* _Exercise_:
Could you retype every line of the data underneath without altering anything?

* _Information provided_:
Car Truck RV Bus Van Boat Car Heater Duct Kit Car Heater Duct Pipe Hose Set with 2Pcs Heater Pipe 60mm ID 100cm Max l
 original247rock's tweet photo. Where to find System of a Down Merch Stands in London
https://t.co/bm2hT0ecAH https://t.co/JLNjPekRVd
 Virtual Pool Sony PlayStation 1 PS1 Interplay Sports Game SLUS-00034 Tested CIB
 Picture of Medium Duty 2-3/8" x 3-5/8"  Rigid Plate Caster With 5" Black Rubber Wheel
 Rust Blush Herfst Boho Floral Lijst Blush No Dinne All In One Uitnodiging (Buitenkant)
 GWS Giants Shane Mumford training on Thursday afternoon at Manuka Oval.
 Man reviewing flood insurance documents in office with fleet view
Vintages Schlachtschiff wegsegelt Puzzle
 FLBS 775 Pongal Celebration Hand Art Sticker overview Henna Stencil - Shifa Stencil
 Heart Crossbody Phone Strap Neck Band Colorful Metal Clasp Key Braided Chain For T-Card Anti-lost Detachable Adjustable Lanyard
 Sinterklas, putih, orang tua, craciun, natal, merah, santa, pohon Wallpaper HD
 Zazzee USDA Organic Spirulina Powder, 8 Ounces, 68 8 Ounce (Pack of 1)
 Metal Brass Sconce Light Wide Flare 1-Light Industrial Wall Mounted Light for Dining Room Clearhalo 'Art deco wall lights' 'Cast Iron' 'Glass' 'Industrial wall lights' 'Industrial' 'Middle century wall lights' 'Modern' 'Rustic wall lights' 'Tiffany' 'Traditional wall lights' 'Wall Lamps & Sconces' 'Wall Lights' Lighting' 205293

* _Response area_:
Car Truck RV Bus Van Boat Car Heater Duct Kit Car Heater Duct Pipe Hose Set with 2Pcs Heater Pipe 60mm ID 100cm Max l
 original247rock's tweet photo. Where to find System of a Down Merch Stands in London
https://t.co/bm2hT0ecAH https://t.co/JLNjPekRVd
 Virtual Pool Sony PlayStation 1 PS1 Interplay Sports Game SLUS-00034 Tested CIB
 Picture of Medium Duty 2-3/8" x 3-5/8"  Rigid Plate Caster With 5" Black Rubber Wheel
 Rust Blush Herfst Boho Floral Lijst Blush No Dinne All In One Uitnodiging (Buitenkant)
 GWS Giants Shane Mumford training on Thursday afternoon at Manuka Oval.
 Man reviewing flood insurance documents in office with fleet view
Vintages Schlachtschiff wegsegelt Puzzle
 FLBS 775 Pongal Celebration Hand Art Sticker overview Henna Stencil - Shifa Stencil
 Heart Crossbody Phone Strap Neck Band Colorful Metal Clasp Key Braided Chain For T-Card Anti-lost Detachable Adjustable Lanyard
 Sinterklas, putih, orang tua, craciun, natal, merah, santa, pohon Wallpaper HD
 Zazzee USDA Organic Spirulina Powder, 8 Ounces, 68 8 Ounce (Pack of 1)
 Metal Brass Sconce Light Wide Flare 1-Light Industrial Wall Mounted Light for Dining Room Clearhalo 'Art deco wall lights' 'Cast Iron' 'Glass' 'Industrial wall lights' 'Industrial' 'Middle century wall lights' 'Modern' 'Rustic wall lights' 'Tiffany' 'Traditional wall lights' 'Wall Lamps & Sconces' 'Wall Lights' Lighting' 205293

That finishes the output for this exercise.